1. Field of the Invention
The present invention relates to ultrasonic modelling. More in particular, the present invention relates to a method and device for modelling the surface of an object, such as a pipe, using ultrasonic waves. The models produced with the present invention may comprise temperature models, height models, or both.
2. Background of the Invention
It is well known to use ultrasonic waves to obtain information on the surfaces of an object, for example a pole or pipe. Typically, ultrasonic pulses are transmitted towards the object, the reflected pulses are received and the travel times of the pulses are recorded. Any differences in travel times (“times-of-flight”) of the pulses are indicative of differences in the relative height of the surface and hence of the wall thickness of the object. An example of this known technique is disclosed in U.S. Pat. No. 3,930,404.
U.S. Pat. No. 5,965,818 discloses a method using ultrasonic Lamb waves to measure reduction of wall thickness due to localised corrosion at pipe supports. Two transducers are used to make a Lamb wave travel along the pipe wall in the circumferential direction. By comparing measured time-of-flight data the change in time-of-flight due to corrosion can be quantified.
However, such known methods ignore the effects that temperature may have on ultrasonic measurements. Local temperature variations may cause refraction of the ultrasonic waves, as the propagation velocity of the waves may show variations between areas having different temperatures. Refractions cause delays, that is, longer travel times, which are also indicative of height differences. Accordingly, local temperature variations may be mistaken as height differences, thus causing errors in any height model of the surface.
U.S. Pat. No. 7,286,964 discloses a method of monitoring structural health conditions of objects by using acoustic waves, for example Lamb waves, and producing a tomographic image. This known method also involves determining an ambient temperature adjustment parameter. The adjustment is applied to the whole surface being monitored and is therefore not local. As a consequence, refraction due to local temperature variations is not compensated and measurement errors are likely to occur.
International Patent Application WO 2004/099764 discloses a method for determining structural features in a pipe, duct, container or other objects by using acoustic signals. The effects of temperature on the method are not mentioned in said document.
British Patent Application GB 2 300 717 discloses a method of modelling the temperature in segments of a pipeline.
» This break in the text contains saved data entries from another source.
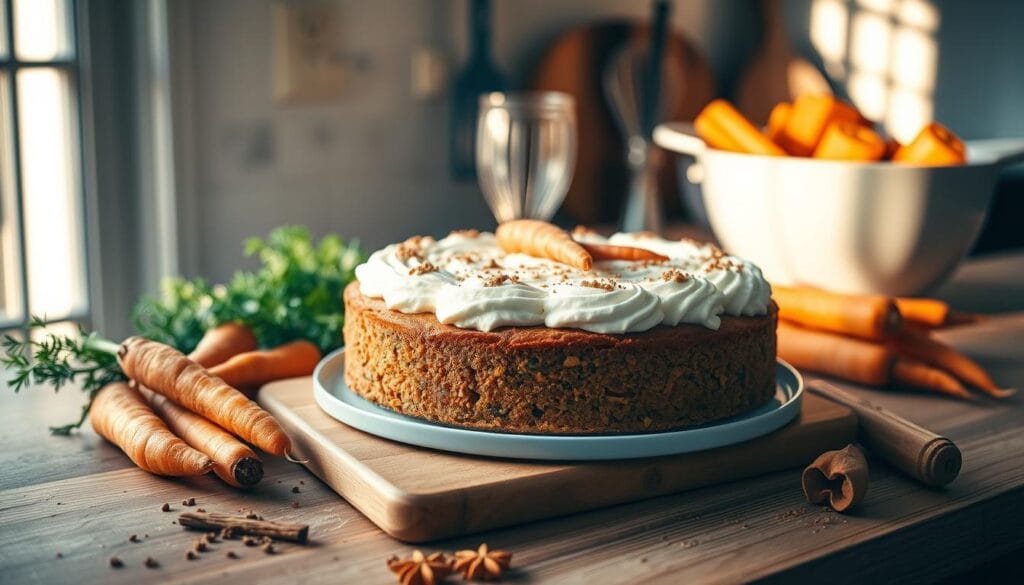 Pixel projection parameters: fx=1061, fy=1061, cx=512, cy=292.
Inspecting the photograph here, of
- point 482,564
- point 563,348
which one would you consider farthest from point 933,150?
point 482,564

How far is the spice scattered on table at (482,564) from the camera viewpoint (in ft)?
2.90

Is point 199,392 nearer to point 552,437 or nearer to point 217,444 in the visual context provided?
point 217,444

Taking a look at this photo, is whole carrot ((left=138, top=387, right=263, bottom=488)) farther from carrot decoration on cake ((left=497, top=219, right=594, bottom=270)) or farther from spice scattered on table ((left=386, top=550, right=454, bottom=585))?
carrot decoration on cake ((left=497, top=219, right=594, bottom=270))

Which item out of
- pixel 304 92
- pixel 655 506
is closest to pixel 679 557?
pixel 655 506

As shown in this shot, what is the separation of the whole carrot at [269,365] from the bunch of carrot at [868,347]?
67 cm

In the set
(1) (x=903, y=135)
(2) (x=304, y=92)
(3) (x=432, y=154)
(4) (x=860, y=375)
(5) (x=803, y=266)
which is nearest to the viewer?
(4) (x=860, y=375)

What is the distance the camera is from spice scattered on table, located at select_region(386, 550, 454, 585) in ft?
2.82

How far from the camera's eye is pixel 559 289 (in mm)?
1110

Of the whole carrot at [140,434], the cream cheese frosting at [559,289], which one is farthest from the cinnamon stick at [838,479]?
the whole carrot at [140,434]

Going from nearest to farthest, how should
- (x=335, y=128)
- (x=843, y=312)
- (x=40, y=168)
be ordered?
(x=843, y=312), (x=40, y=168), (x=335, y=128)

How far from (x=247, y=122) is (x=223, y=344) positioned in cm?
129

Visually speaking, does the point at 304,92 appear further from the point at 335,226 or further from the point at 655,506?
the point at 655,506

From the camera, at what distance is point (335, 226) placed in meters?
2.81

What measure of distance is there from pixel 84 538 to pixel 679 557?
530mm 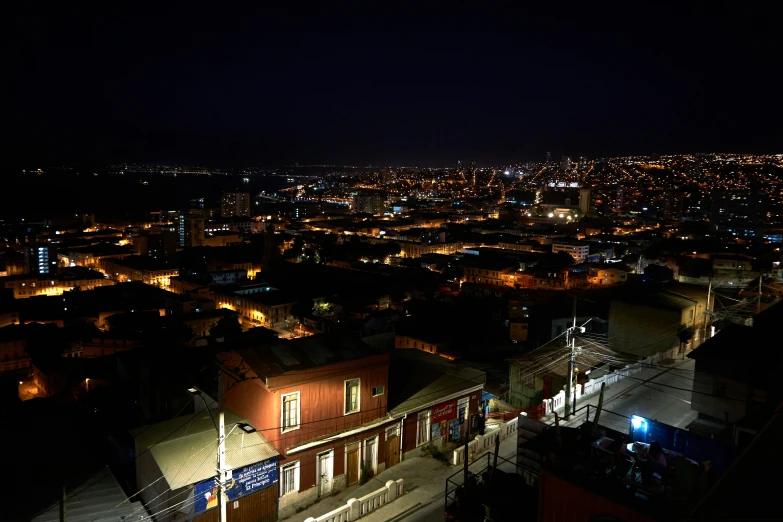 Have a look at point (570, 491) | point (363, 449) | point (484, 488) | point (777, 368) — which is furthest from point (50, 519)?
point (777, 368)

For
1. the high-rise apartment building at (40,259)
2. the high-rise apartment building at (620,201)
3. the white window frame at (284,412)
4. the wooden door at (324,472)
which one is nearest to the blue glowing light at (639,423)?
the wooden door at (324,472)

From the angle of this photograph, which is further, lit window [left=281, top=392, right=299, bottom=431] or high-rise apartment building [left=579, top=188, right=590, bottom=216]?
high-rise apartment building [left=579, top=188, right=590, bottom=216]

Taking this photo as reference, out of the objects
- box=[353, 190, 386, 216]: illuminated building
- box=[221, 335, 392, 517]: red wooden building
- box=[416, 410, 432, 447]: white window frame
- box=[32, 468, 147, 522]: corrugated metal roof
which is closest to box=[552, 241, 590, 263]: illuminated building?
box=[416, 410, 432, 447]: white window frame

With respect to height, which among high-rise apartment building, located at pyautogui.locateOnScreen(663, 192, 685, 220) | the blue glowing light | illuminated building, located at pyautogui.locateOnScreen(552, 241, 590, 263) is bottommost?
illuminated building, located at pyautogui.locateOnScreen(552, 241, 590, 263)

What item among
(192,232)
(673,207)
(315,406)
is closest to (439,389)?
(315,406)

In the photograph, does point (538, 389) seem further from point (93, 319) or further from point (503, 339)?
point (93, 319)

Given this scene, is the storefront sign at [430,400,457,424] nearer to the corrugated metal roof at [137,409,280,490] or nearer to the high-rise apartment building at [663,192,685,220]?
the corrugated metal roof at [137,409,280,490]

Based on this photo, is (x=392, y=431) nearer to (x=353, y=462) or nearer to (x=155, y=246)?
(x=353, y=462) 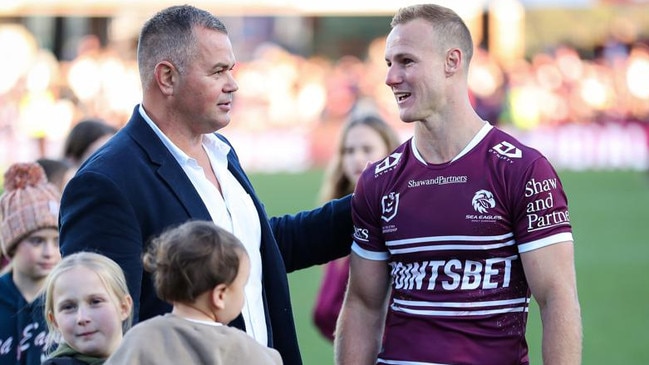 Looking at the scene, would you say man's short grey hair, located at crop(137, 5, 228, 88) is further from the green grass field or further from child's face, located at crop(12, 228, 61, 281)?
the green grass field

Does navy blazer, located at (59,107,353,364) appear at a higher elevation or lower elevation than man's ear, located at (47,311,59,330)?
higher

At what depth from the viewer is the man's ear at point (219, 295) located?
3473 mm

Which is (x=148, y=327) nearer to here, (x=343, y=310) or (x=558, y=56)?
(x=343, y=310)

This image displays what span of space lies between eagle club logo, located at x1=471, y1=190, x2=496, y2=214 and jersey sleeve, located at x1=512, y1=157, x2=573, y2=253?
0.28 feet

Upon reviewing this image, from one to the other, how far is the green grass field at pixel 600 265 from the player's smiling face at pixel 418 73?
547 cm

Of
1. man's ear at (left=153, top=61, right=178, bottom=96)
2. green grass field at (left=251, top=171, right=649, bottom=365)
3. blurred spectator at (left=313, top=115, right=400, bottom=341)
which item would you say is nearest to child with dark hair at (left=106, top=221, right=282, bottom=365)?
man's ear at (left=153, top=61, right=178, bottom=96)

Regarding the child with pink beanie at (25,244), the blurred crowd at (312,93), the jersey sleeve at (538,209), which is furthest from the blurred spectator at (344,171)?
the blurred crowd at (312,93)

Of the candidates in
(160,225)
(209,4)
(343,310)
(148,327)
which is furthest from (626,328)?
(209,4)

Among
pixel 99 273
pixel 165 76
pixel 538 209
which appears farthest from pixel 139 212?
pixel 538 209

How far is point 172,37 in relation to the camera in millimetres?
4594

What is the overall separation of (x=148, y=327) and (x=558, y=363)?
147cm

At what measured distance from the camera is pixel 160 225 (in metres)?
4.37

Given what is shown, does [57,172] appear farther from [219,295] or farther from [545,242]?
[219,295]

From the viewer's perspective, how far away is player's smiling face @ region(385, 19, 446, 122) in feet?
14.9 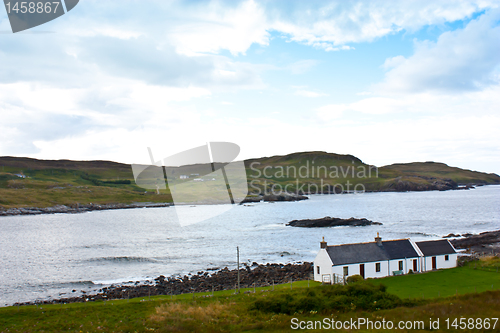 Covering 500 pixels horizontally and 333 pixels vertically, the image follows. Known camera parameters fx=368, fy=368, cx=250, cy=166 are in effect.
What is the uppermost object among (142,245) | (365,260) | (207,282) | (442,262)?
(365,260)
The liquid temperature and the ambient temperature are measured directly at several stations. Then the influence of kinetic energy, radiation and conduction are used to calculate the temperature in pipeline sections. The calculated section temperature is used to determine the net expansion and contraction of both the liquid and the pipeline. The spatial resolution of this known method is limited by the number of measuring stations and pipeline sections. The method will not be able to provide a circumferential temperature distribution of a pipeline section, nor a longitudinal temperature distribution having a high resolution.